The Beauty of a Summer Garden

Growing up, we had a garden, which started as a project to earn a Brownie Girl Scout badge, but turned into a something much more elaborate with each passing year.

The garden was easy to maintain the first year, so it was fun. But then my dad got garden fever. During the winter, we flipped through seed catalogs, and he read and researched organic gardening (and subscribed to Organic Gardening magazine), studied seed varieties, compared fertilizing techniques and more. He brought in railroad crossties to build a huge U-shaped, raised garden bed, and began building a compost pile in the middle of the U.

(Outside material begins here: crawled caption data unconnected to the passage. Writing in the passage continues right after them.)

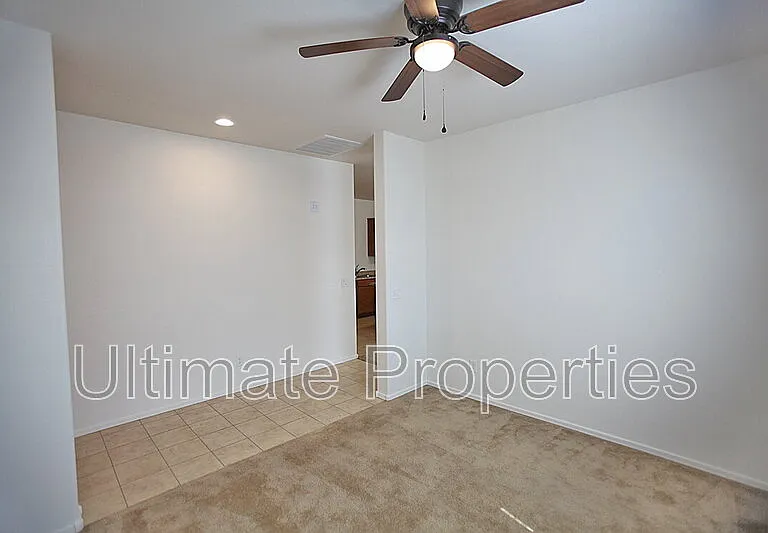 11538 W Redfield Rd — Photo 4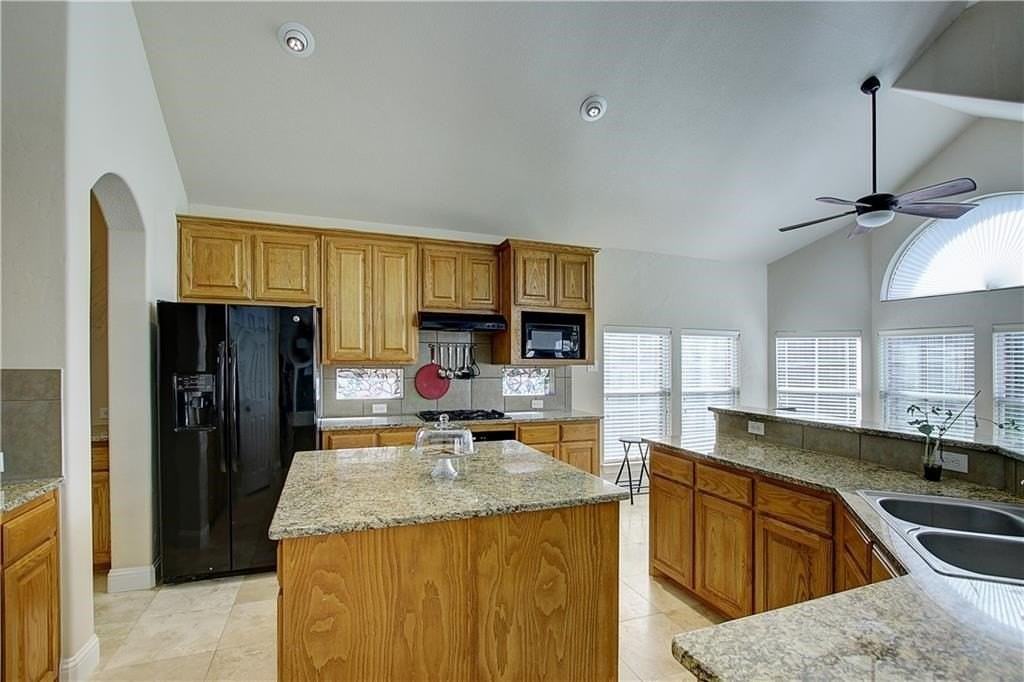6917 Shady View Ct - Photo 5 of 22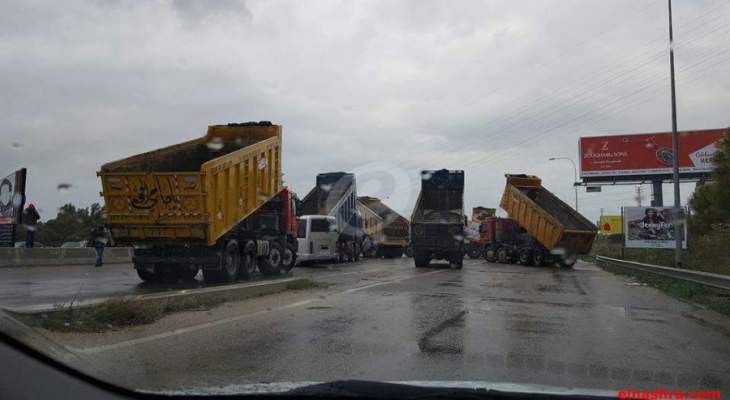 النشرة: سائقو الشاحنات قطعوا الطريق الرئيسية على اوتوستراد الزهراني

I don’t remember where / when he got the dirt for the garden, but I sure remember some of the ingredients of the compost pile.

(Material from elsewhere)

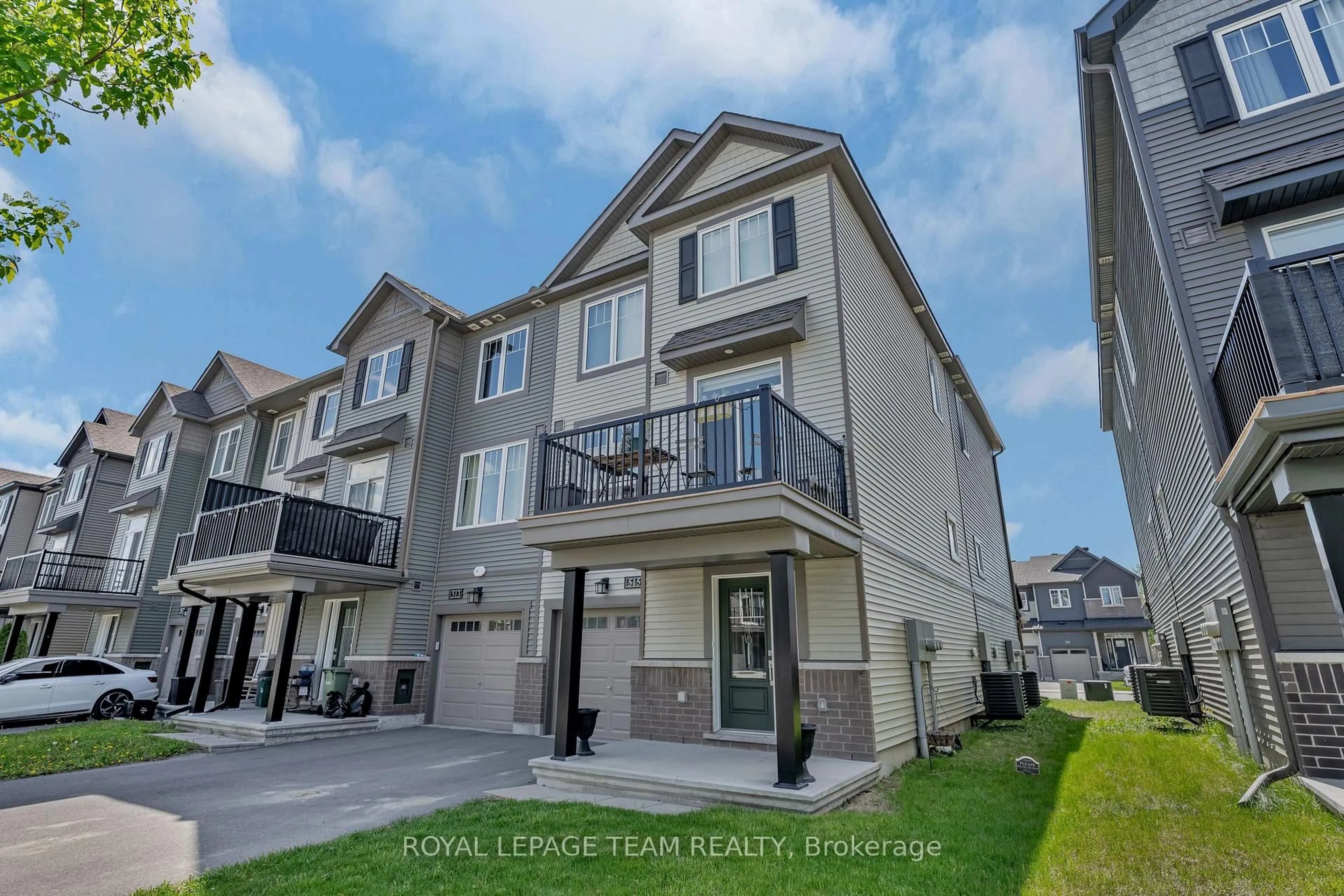 Home with vinyl exterior material, unknown for 515 Clemency Cres, Ottawa Ontario K2J 6R7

We lived on a lake and went fishing almost daily. We fished for food, not for sport, so we kept the freezer full of bream, crappie, stripe, bass, and catfish. If we caught them, we had to clean them, and all the fish remains went to the compost pile. Veggie scraps, too. Pop brought in manure at one point, but I think we all tried to forget that part.

The day the seeds arrived was exciting, because of one particular package. All of the seeds, except in the one package, were “normal” seeds, which we’d seen and used before. But this one packet was onion seed tape and seemed so magical and fun. (And a lot less work than planting those tiny little seeds one-by-one.) Pop handed me the end of one tape, and told me to run to the end of the row and place it in the trench he’d made. We quickly pushed dirt on top, and the onions were done! Best invention ever, at least to kids itching to play.

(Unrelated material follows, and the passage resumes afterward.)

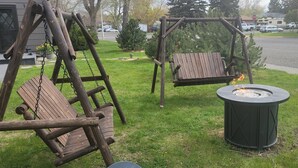 Un’altalena in legno con due movimenti e un braciere.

Harvests were the best. We’d meet Pop in the garden after he got home from work, and we’d “have dinner” fresh off the plants and vines. Cucumbers, tomatoes, green beans, radishes, onions, squash. Eating raw corn straight from the stalk as we stood there in the summer heat with the rich soil under our bare feet was the finest gourmet meal we’d ever tasted. (At that age, our only gourmet meal, but still one of the very best decades later.) We ate tomatoes like apples, with juice running down our chins.

More hard work came with the harvest, from our garden and from local farmers. Early Saturday mornings, Mom would take the three of us kids and head to the farmer’s market where she’d buy cantaloupes (3 for $1 - I remember that because there were three of us kids!), and corn, tomatoes, cucumbers, and purple hull peas by the bushel. All summer, she prepped the freshest of fruits and vegetables to freeze, but also filled our cupboards with jams, jellies, pickles and other pickled vegetables like okra, and chow-chow (my very favorite.) Our winter meals were filled with all the goodness, and it took about that long for the purple stains to vanish from our hands.

These days, I have a small patio garden, but I still pour through the seed catalogs every winter. Harvests occasionally produce a gourmet meal - I grew green beans for the first time in a container this year! When the first two beans were ready, they went in our salad for dinner. Still gourmet dining at its finest.

Do you garden? What part of gardening is your favorite?